§ Exercise prompt: From the first entry to the last, restate everything word for word and exclude pictures.
-- Opening Marker --
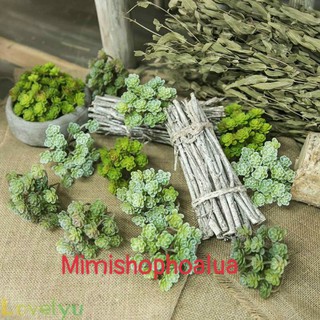 Sen đá giả nhiều nhánh - trang trí nhà cửa
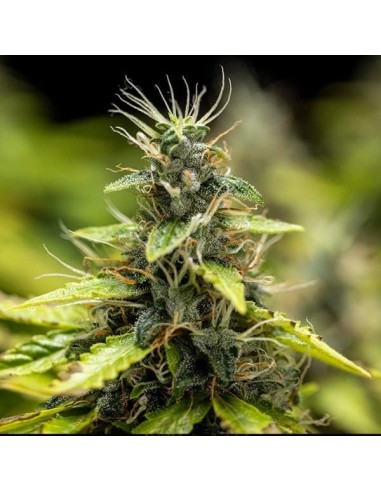 Royal Runtz Automatic (Royal Queen Seeds) Semi Autofiorenti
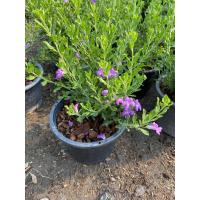 ราคา ต้นนีออนใบเงิน นีออนแคระ พุ่มใหญ่ ดอกสีม่วง ถอดกระถางส่ง (21569474493)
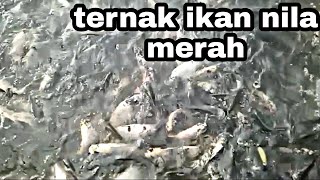 ternak ikan nila merah ribuan siap panen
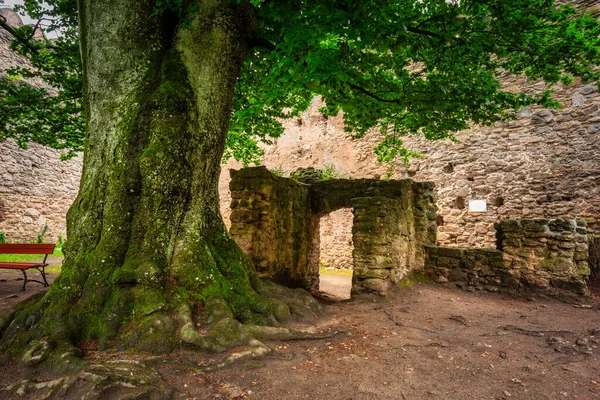 Ruins Chojnik Castle Karkonosze Mountains Poland — Stock fotografie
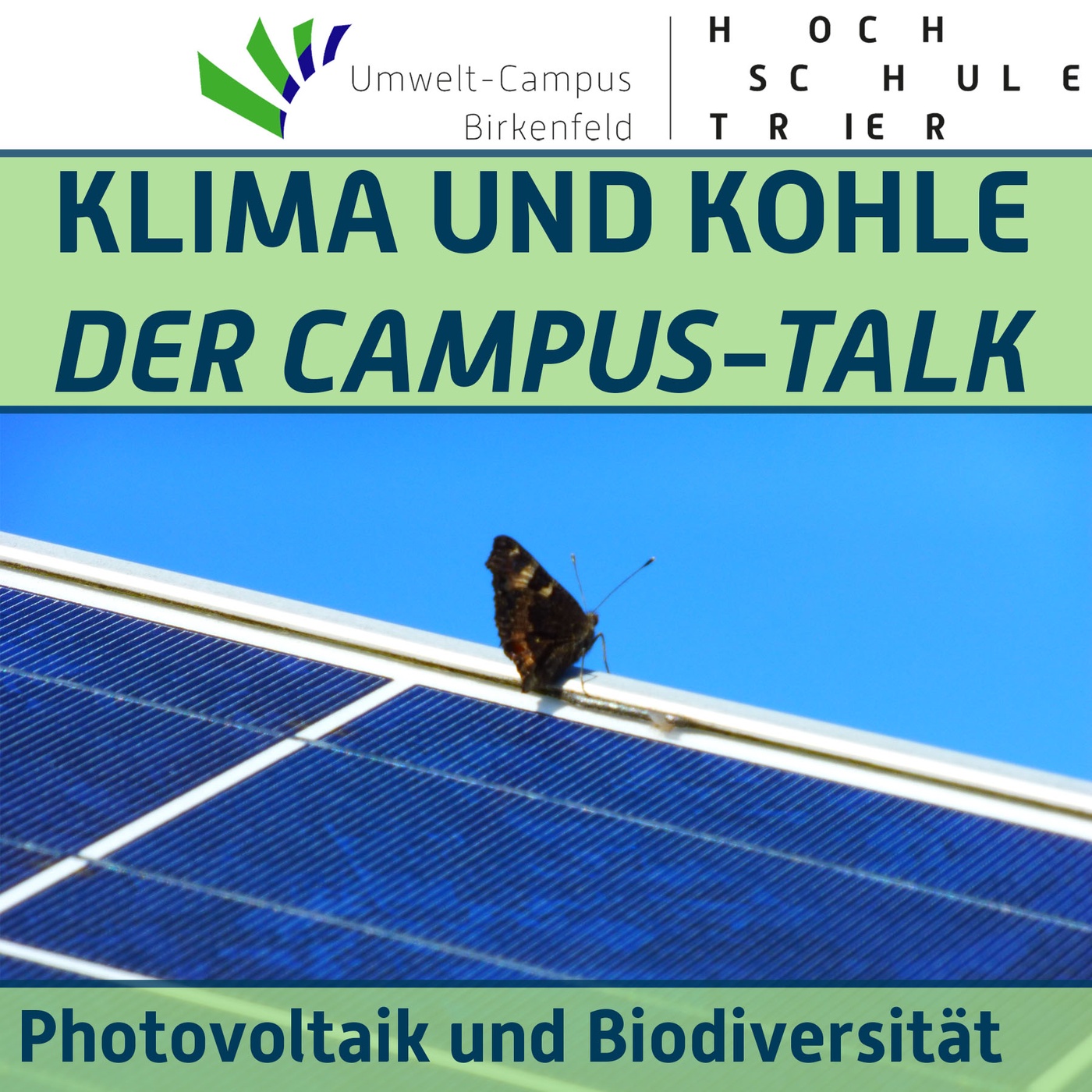 #95 Photovoltaik und Biodiversität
-- Closing Marker --
§ Result:
 Sen đá giả nhiều nhánh - trang trí nhà cửa
 Royal Runtz Automatic (Royal Queen Seeds) Semi Autofiorenti
 ราคา ต้นนีออนใบเงิน นีออนแคระ พุ่มใหญ่ ดอกสีม่วง ถอดกระถางส่ง (21569474493)
 ternak ikan nila merah ribuan siap panen
 Ruins Chojnik Castle Karkonosze Mountains Poland — Stock fotografie
 #95 Photovoltaik und Biodiversität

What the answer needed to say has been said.